– Są takie momenty, że trener musi mieć też czasami jaja i wiedzieć, co zrobić – tymi słowami Michał Probierz rozpoczął swoją wypowiedź po wczorajszej porażce z Wisłą Kraków (przyp. 1 : 4). Jagiellonia musiała uznać wyższość rywala piąty raz z rzędu, dlatego trener białostocczan postanowił zareagować. Na oświadczenie klubu nie musieliśmy długo czekać.
– Bardzo cenię nasz klub, Jagiellonia jest w moim sercu, największe sukcesy tu osiągałem. Ja wiem, jaki jest problem, jeśli chodzi o zespół, ale może jakiś wstrząs jest potrzebny drużynie. Oddaję się do dyspozycji zarządu. Chciałbym po prostu, żebyśmy pewne ruchy porobili i pewne rzeczy ustalili. Jest bardzo trudny moment dla Jagiellonii, dlatego taka jest moja decyzja – tymi słowami Michał Probierz wysłał jasny komunikat zarządowi, że zaakceptuje każdą reakcję klubu.

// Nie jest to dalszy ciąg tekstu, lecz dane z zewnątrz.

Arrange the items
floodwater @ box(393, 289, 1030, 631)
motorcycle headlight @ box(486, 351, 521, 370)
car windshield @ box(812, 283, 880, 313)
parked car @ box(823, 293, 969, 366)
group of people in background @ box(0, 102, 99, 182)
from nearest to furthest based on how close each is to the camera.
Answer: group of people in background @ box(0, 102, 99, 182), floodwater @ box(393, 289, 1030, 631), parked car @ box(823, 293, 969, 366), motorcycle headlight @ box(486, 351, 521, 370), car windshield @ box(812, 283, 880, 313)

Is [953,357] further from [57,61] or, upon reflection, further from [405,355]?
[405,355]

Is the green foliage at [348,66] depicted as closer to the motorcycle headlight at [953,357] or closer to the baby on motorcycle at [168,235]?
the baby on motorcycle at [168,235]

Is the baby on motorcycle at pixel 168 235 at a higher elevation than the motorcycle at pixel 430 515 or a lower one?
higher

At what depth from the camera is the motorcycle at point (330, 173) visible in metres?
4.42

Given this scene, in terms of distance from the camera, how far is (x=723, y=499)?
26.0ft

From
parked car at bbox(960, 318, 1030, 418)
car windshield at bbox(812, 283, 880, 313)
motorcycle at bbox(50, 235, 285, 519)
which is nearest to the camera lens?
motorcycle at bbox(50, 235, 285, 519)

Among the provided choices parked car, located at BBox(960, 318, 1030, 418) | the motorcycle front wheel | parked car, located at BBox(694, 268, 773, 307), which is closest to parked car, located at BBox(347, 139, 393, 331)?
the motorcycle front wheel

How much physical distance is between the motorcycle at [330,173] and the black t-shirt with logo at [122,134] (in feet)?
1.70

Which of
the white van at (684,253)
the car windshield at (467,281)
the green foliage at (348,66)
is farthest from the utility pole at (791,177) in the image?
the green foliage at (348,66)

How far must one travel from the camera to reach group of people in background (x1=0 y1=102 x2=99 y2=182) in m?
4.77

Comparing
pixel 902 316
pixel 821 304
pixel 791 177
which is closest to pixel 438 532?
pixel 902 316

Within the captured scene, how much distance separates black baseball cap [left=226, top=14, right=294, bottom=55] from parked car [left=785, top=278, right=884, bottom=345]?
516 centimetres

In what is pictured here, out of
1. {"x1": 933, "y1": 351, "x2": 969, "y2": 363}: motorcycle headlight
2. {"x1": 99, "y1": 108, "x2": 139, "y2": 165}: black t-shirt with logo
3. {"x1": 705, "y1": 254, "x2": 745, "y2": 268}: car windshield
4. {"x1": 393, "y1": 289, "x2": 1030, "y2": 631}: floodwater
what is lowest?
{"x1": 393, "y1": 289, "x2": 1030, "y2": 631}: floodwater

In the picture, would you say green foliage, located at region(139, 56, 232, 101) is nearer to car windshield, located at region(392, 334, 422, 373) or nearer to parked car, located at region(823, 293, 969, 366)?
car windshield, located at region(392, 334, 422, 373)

Nie trzeba było długo czekać na oświadczenie jego pracodawcy, który jeszcze dzisiaj przed południem jednoznacznie zaprzeczył wszelkim doniesieniom, że czas Probierza w Białymstoku minął. – Nie ma w Polsce trenera, który byłby tak utożsamiany z jednym klubem, jak ma to miejsce w przypadku Michała Probierza i naszej Jagiellonii. Świadomi tego oraz nauczeni doświadczeniem z lat poprzednich chcemy jasno i wyraźnie podkreślić, że Trener cieszy się naszym bezwarunkowym poparciem i może liczyć na nasze pełne wsparcie w tej trudnej sytuacji, w jakiej się znajdujemy.
W podobnym tonie wypowiedział się kapitan zespołu Rafał Grzyb: – Stoimy murem za trenerem Probierzem. Mamy nadzieję, że nie będzie w tej sprawie żadnych gwałtownych ruchów
Jagiellonia znajduje się w głębokim dołku, ale zaufanie zarówno ze strony zarządu, piłkarzy, jak i kibiców może dać trenerowi pozytywnego kopa do dalszej pracy, mimo że było wczoraj czuć w jego głosie smutek, frustrację i zrezygnowanie. Dzisiejsze oświadczenia można było się spodziewać. Jagiellonia uczy się na błędach. Nie chce podejmować pochopnych decyzji, mimo wczorajszych słów Michała Probierza, który zaznaczył, że być może drużyna potrzebuje wstrząsu.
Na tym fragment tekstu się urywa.